Exercise — Extract the records below word for word and ignore the images.

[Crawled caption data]
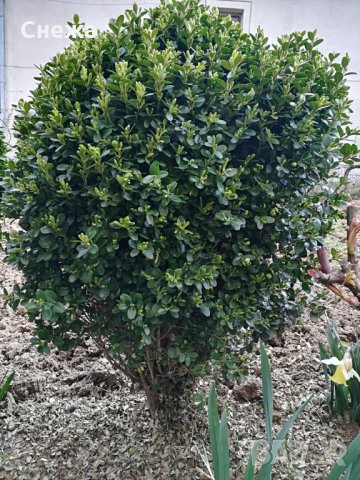 Продавам чемшири, божур, нарциси, зюмбюли. , снимка 5 - Градински цветя и растения - 24952226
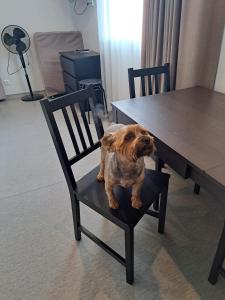 a dog sitting on a chair next to a table at Jaunāmuiža Apartamenti in Valmiera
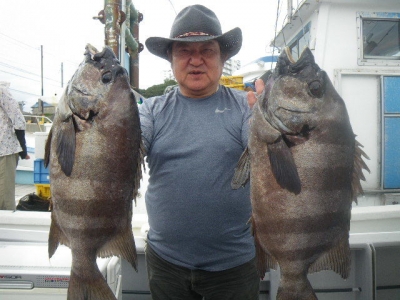 磯部釣船 直栄丸 釣果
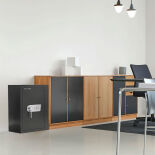 Rottner Monaco 65 Wertschutzschrank
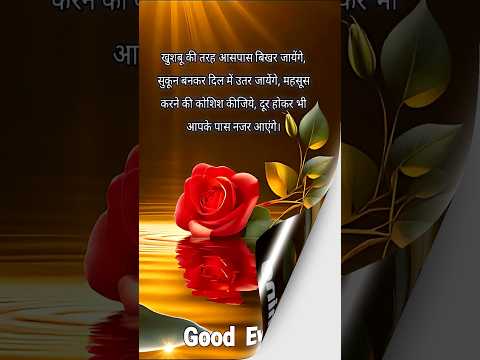 Good evening status #bollywood #song #music #love #bollywoodsongs #bollyrwoodsongs #lovesongs #short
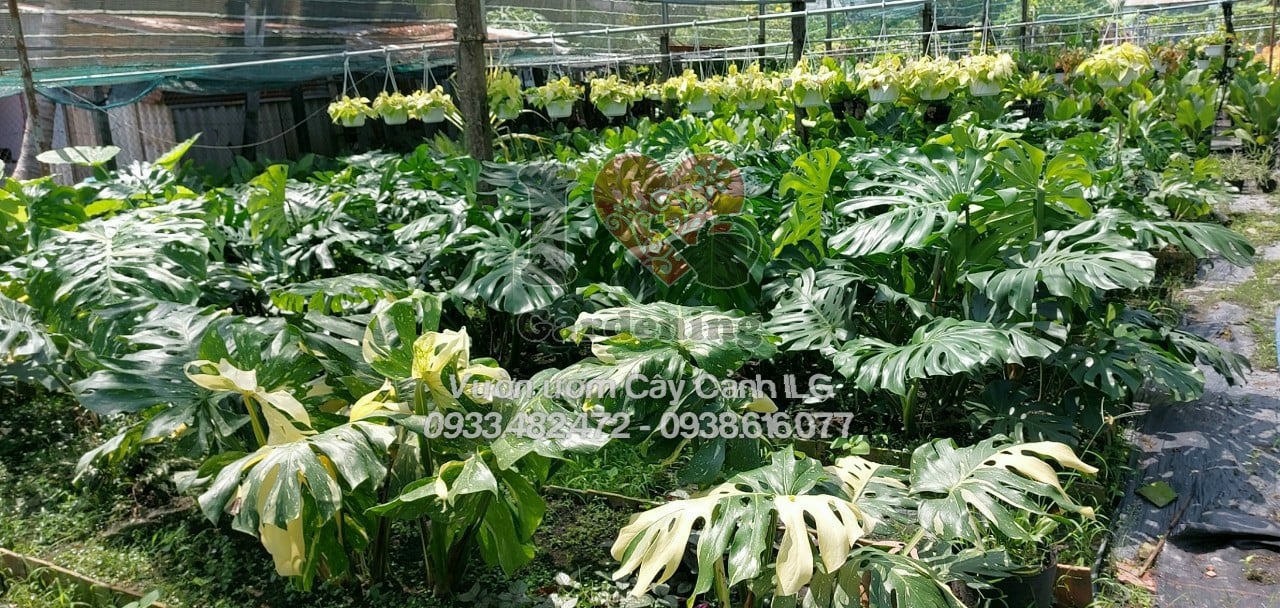 Cây trầu bà Nam Mỹ đột biến trồng trong chậu trang trí nội thất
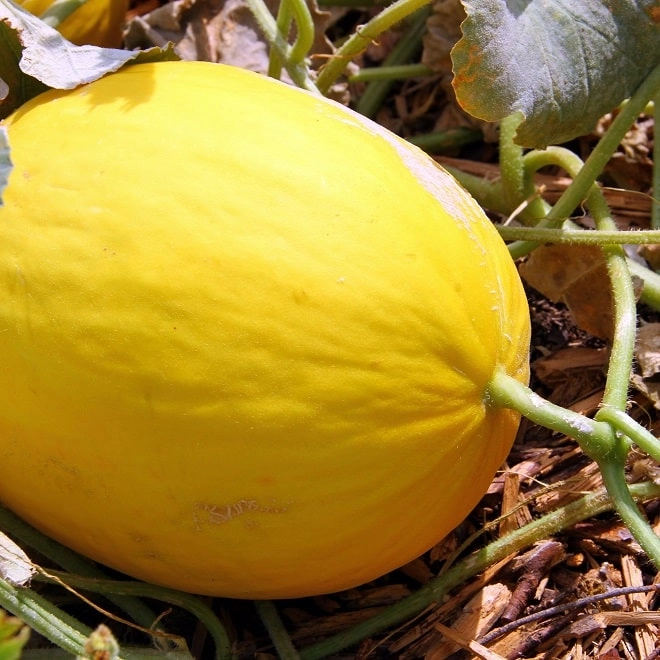 Melon canari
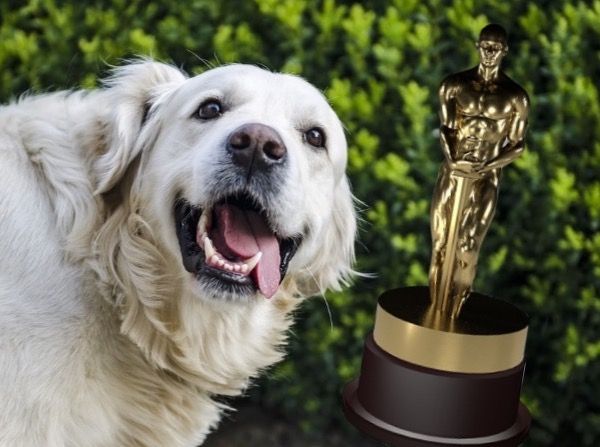 Jersey trainers retrieve golden award at 'doggie Oscars'
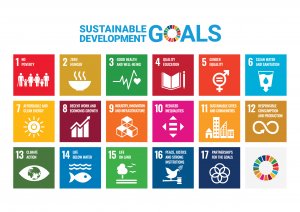 SDG 17 doelen InnoMax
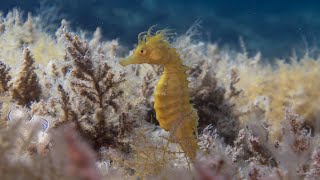 suun diving trogir island ciovo und solta [upl. by Ennylyak]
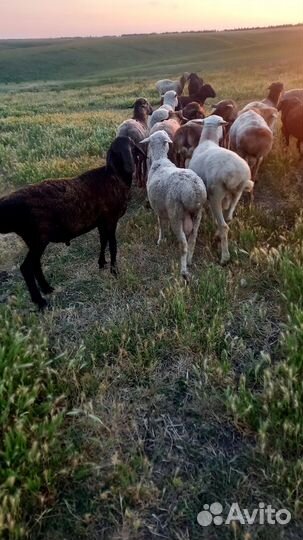 Овцы бараны ягнята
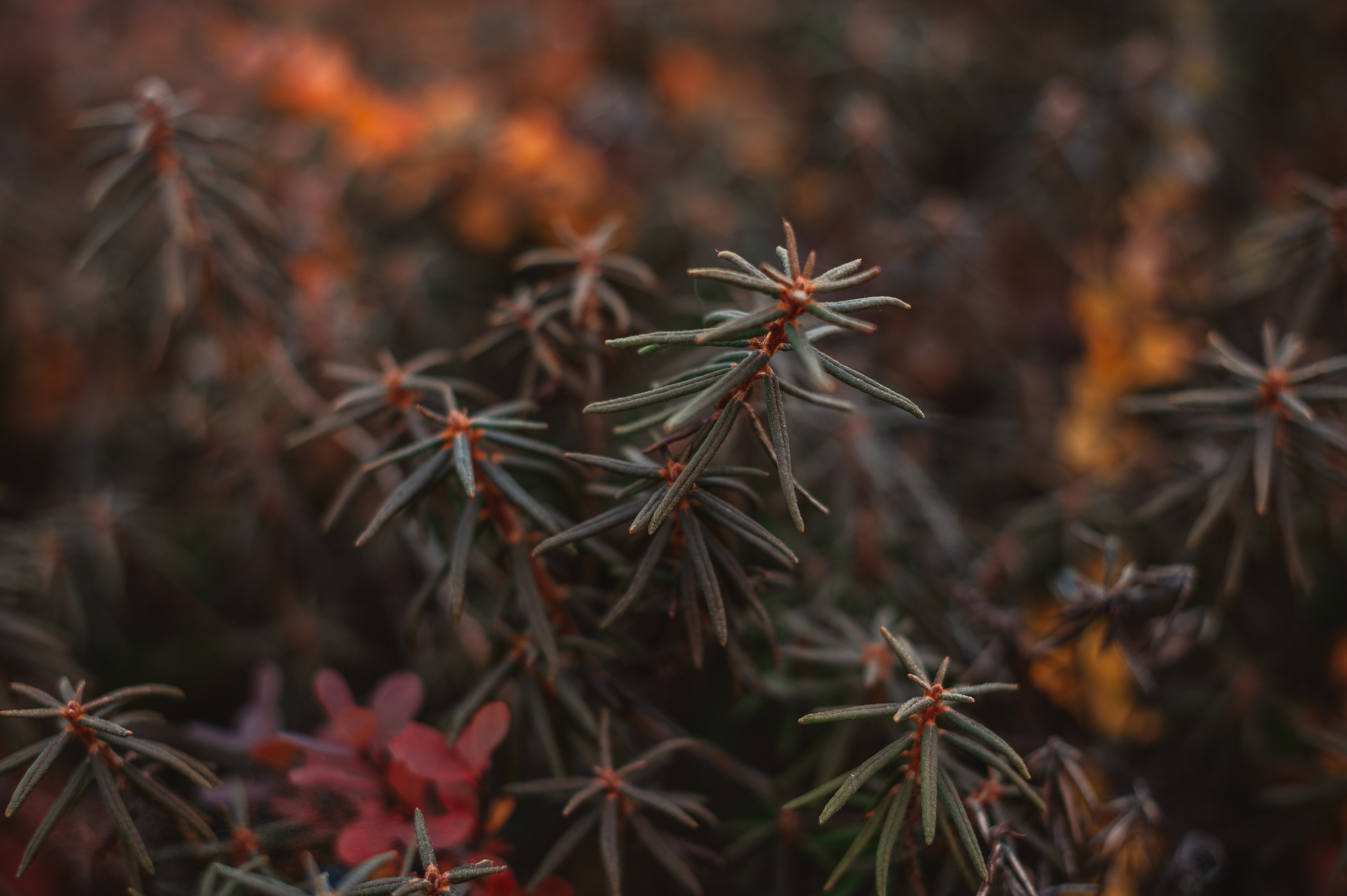 АВТОРСКИЕ ОТКРЫТКИ, 150руб. Фотограф Наталья Могилевская Мурманск Териберка Сейдозеро Рыбачий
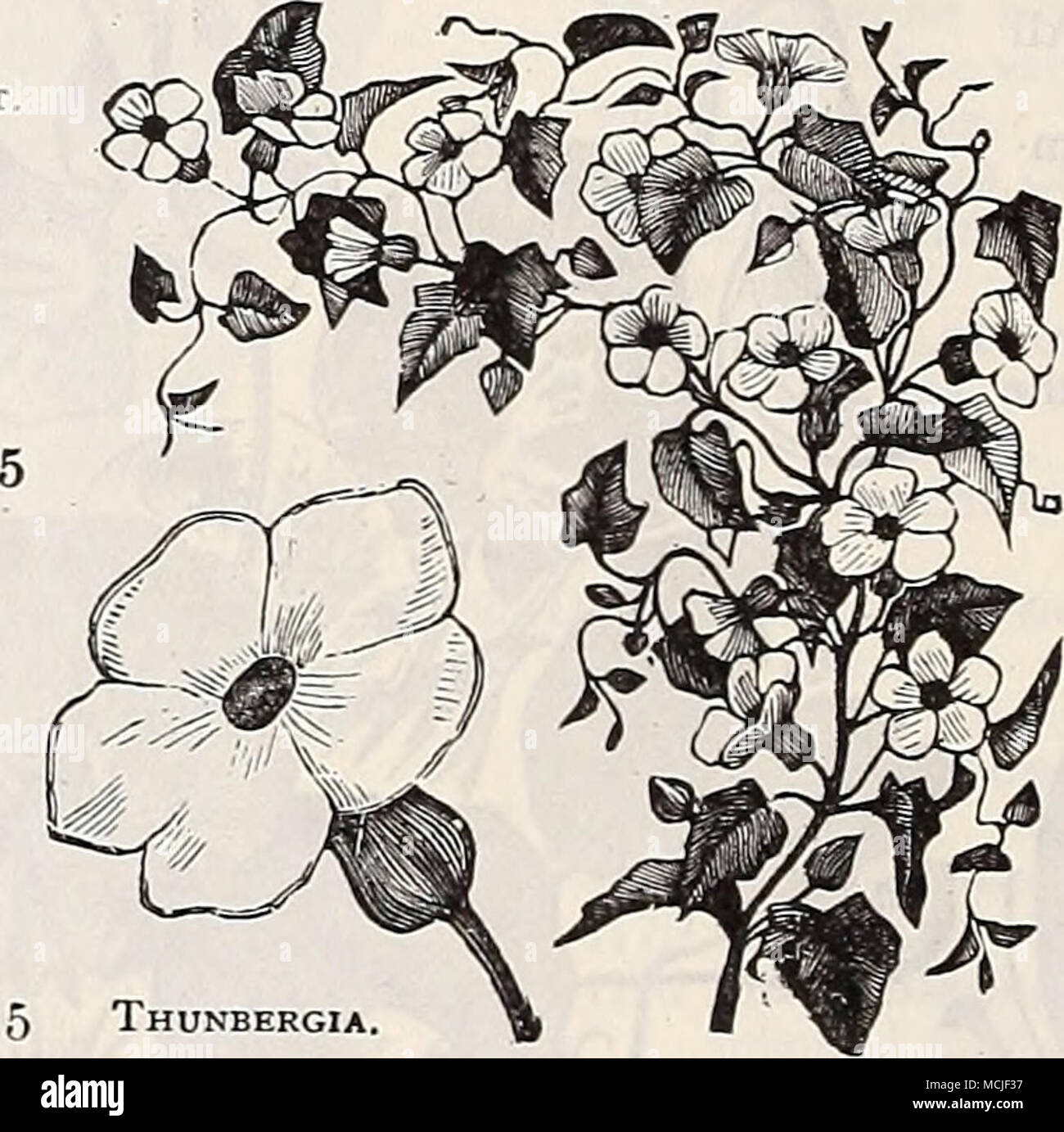 . Single Sweet William. TOREMA. A very fine annual; splendid plant for vases, hanging-baskets, borders, etc.; covered the entire season with a mass of bloom. PER PKT. 4322 Fournieri. Sky-blue, with three spots of dark blue, hrieht yellow centre 10 4323 White Wings. Blush white 15 4321 Bailloni. Bright golden-yellow, with a brownish- red throat 15 TRITOMA. Stock Photo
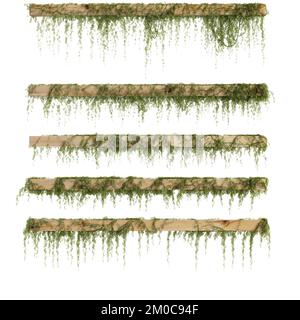 3d illustration of hanging ivy isolated on white background Stock Photo ...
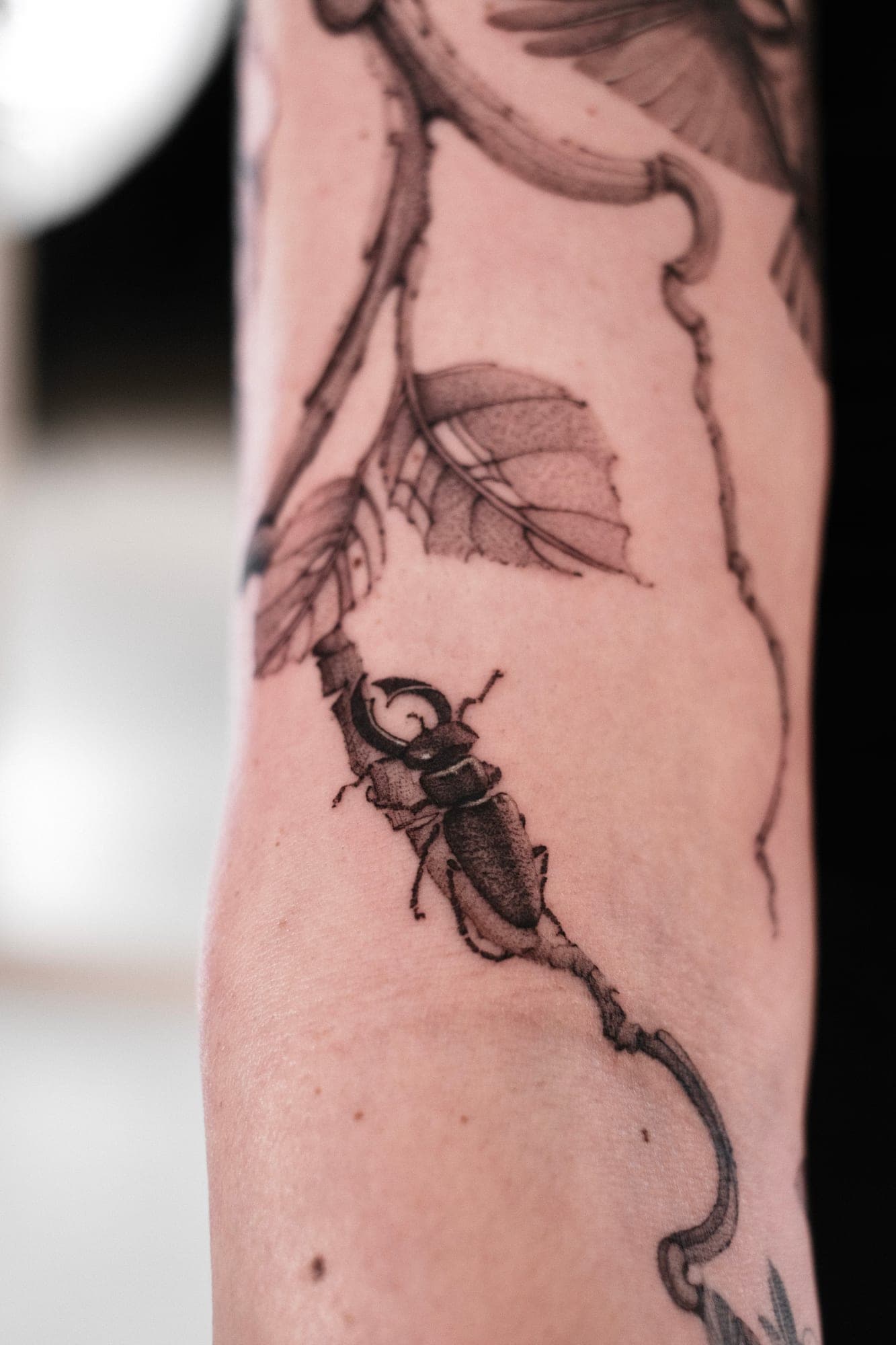 Microrealism Tattoo – Hirschkäfer – SIJA.INK Zürich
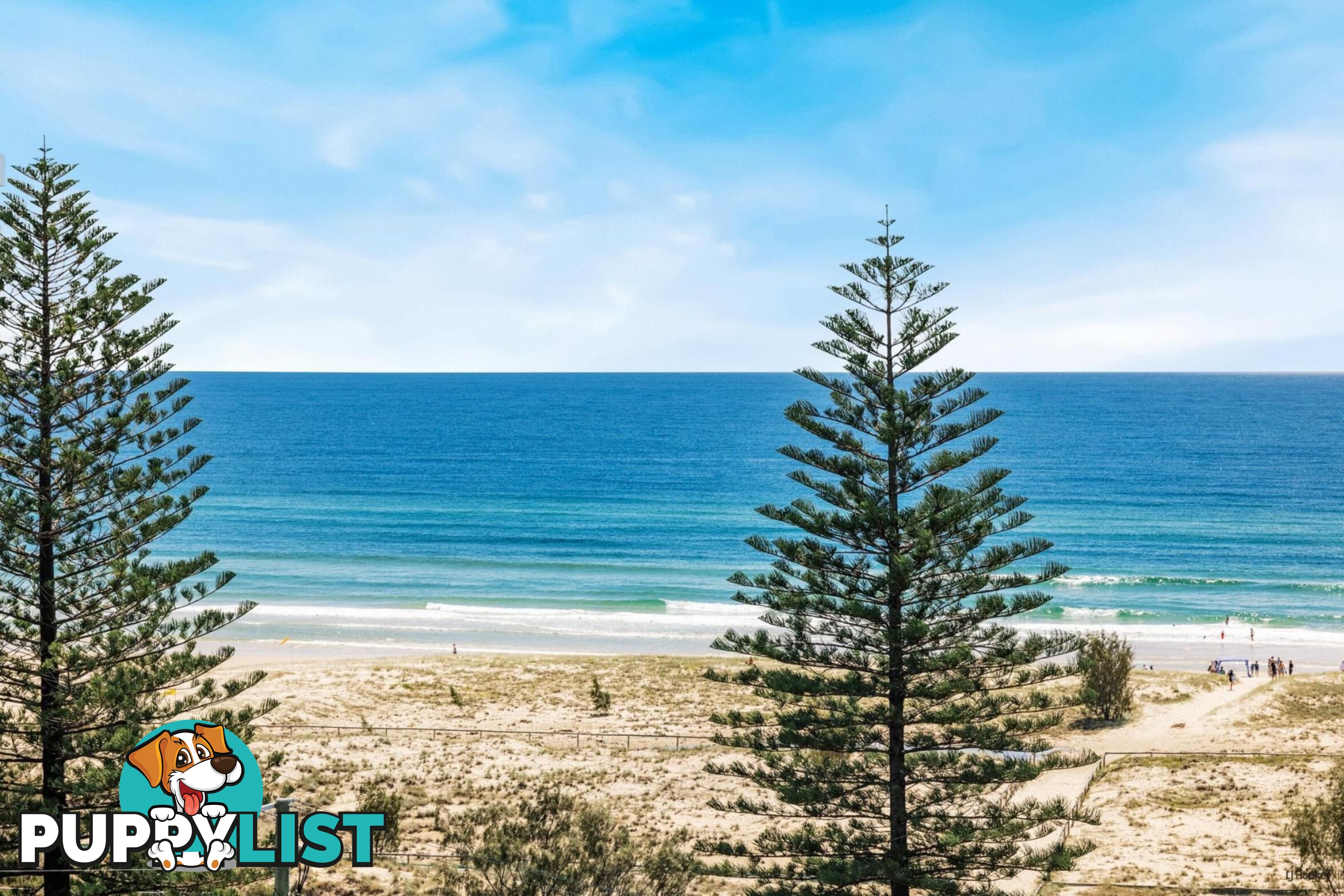 901/10 Coyne Street COOLANGATTA QLD 4225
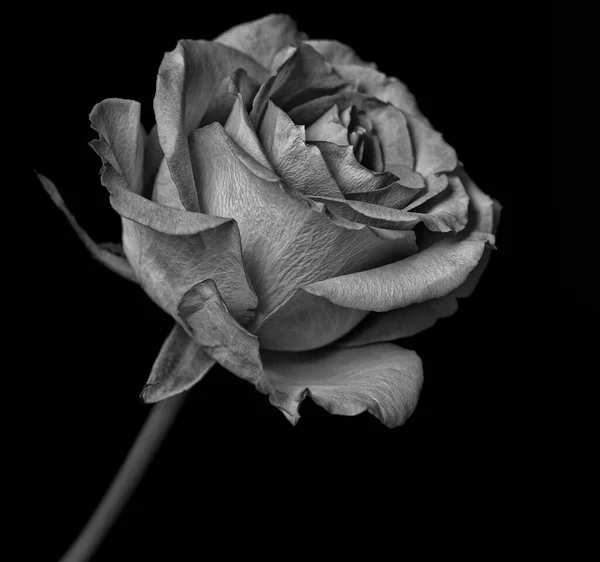 Rose flower in black and white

Answer for this exercise —
 Продавам чемшири, божур, нарциси, зюмбюли. , снимка 5 - Градински цветя и растения - 24952226
 a dog sitting on a chair next to a table at Jaunāmuiža Apartamenti in Valmiera
 磯部釣船 直栄丸 釣果
 Rottner Monaco 65 Wertschutzschrank
 Good evening status #bollywood #song #music #love #bollywoodsongs #bollyrwoodsongs #lovesongs #short
 Cây trầu bà Nam Mỹ đột biến trồng trong chậu trang trí nội thất
 Melon canari
 Jersey trainers retrieve golden award at 'doggie Oscars'
 SDG 17 doelen InnoMax
 suun diving trogir island ciovo und solta [upl. by Ennylyak]
 Овцы бараны ягнята
 АВТОРСКИЕ ОТКРЫТКИ, 150руб. Фотограф Наталья Могилевская Мурманск Териберка Сейдозеро Рыбачий
 . Single Sweet William. TOREMA. A very fine annual; splendid plant for vases, hanging-baskets, borders, etc.; covered the entire season with a mass of bloom. PER PKT. 4322 Fournieri. Sky-blue, with three spots of dark blue, hrieht yellow centre 10 4323 White Wings. Blush white 15 4321 Bailloni. Bright golden-yellow, with a brownish- red throat 15 TRITOMA. Stock Photo
 3d illustration of hanging ivy isolated on white background Stock Photo ...
 Microrealism Tattoo – Hirschkäfer – SIJA.INK Zürich
 901/10 Coyne Street COOLANGATTA QLD 4225
 Rose flower in black and white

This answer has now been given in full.